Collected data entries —
-------------------------

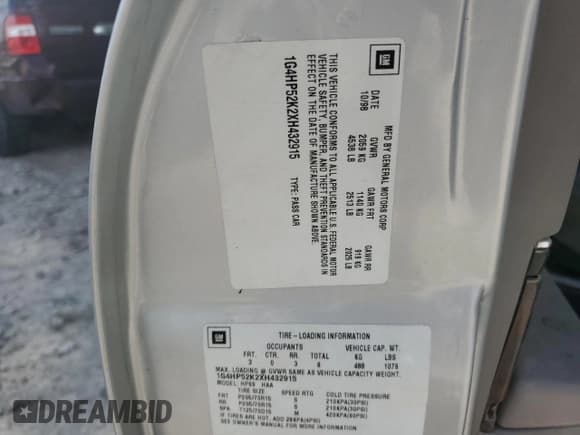 ✅ 1999 Buick LeSabre Custom • VIN: 1G4HP52K2XH432915 • Лот: 73187924. Опубликован ранее на Copart с пробегом 112 467 миль. Бесплатный доступ к архиву аукционных продаж из США и подробный отчёт об истории автомобиля на DreamBid. Изображение 12.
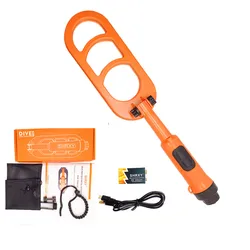 Underwater Metal Detector Folding Waterproof Pulse Scan Pinpointer Diving Glod Detecting with USB Rechargeable Battery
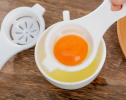 Stem Egg Separator White and Yolk Filter Kitchen Baking Separator Tool - 5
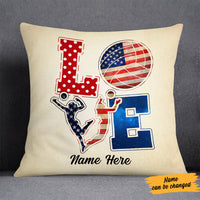 Personalized Love Volleyball Pillow DB166 23O57 thumb 1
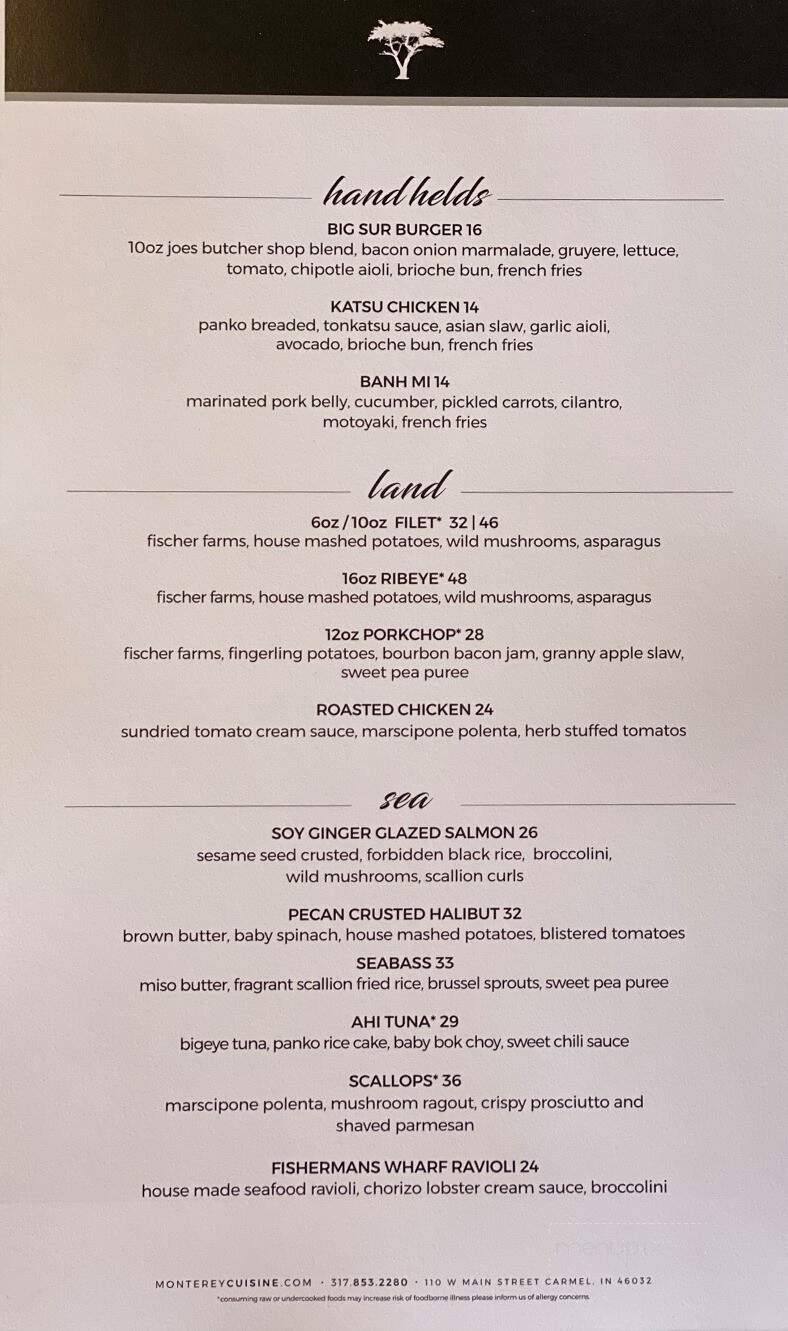 Monterey Cuisine - Carmel, IN menu_pic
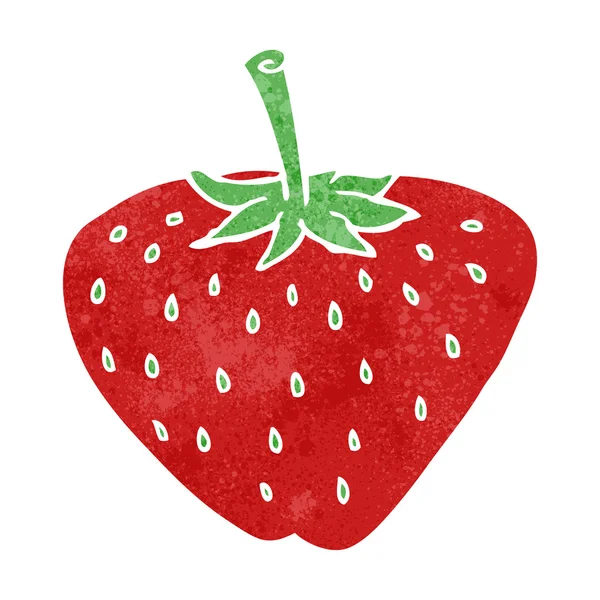 Retro cartoon strawberry — Stock Vector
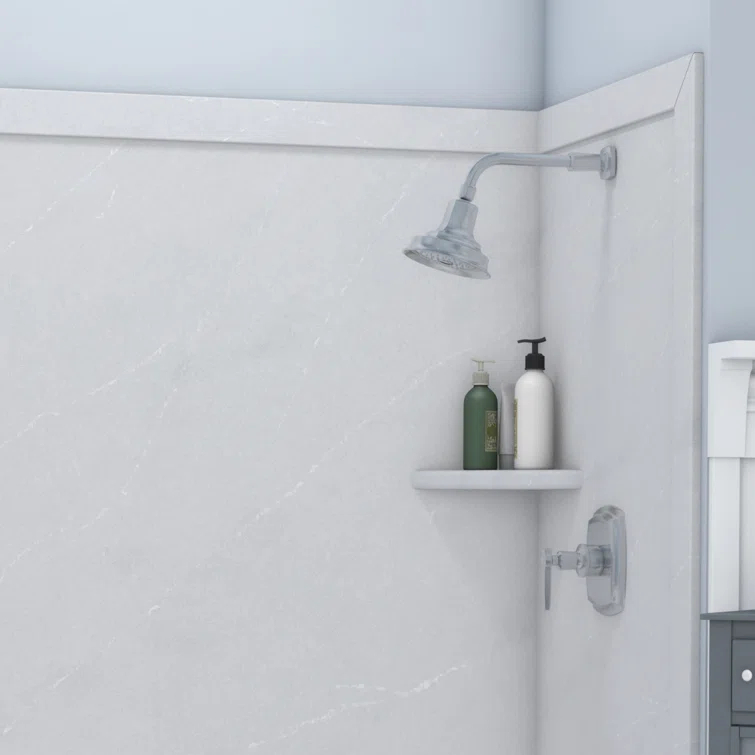 FlexStone Royale 60"W x 36"D x 80"H Alcove Bathtub/Shower Surround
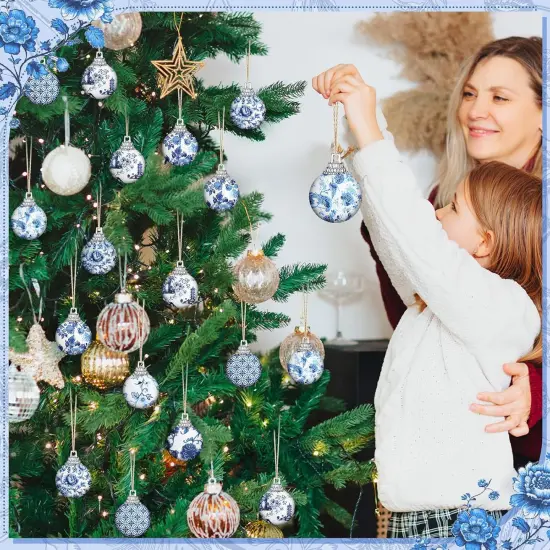 60 Pcs 10 x 10 Inch Blue and White Quilting Precut Fabric Squares {4}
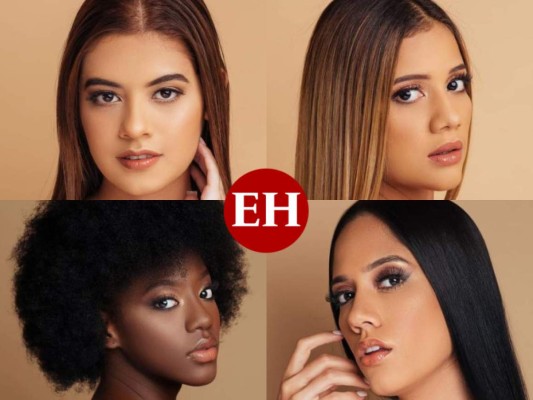 Rostros de las bellezas que compiten en Miss Honduras Universo 2019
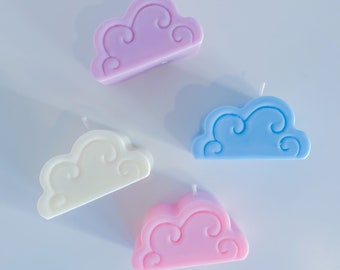 Scented Cloud Candles - Cute Decorative Mini Clouds - Vegan Soy Candle Gift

-------------------------

Goal of the exercise — Beginning at the line that contains "Alcove Bathtub/Shower Surround", give the remaining lines of the records again exactly, through the last one. Leave out pictures.

Finished exercise —
 FlexStone Royale 60"W x 36"D x 80"H Alcove Bathtub/Shower Surround
 60 Pcs 10 x 10 Inch Blue and White Quilting Precut Fabric Squares {4}
 Rostros de las bellezas que compiten en Miss Honduras Universo 2019
 Scented Cloud Candles - Cute Decorative Mini Clouds - Vegan Soy Candle Gift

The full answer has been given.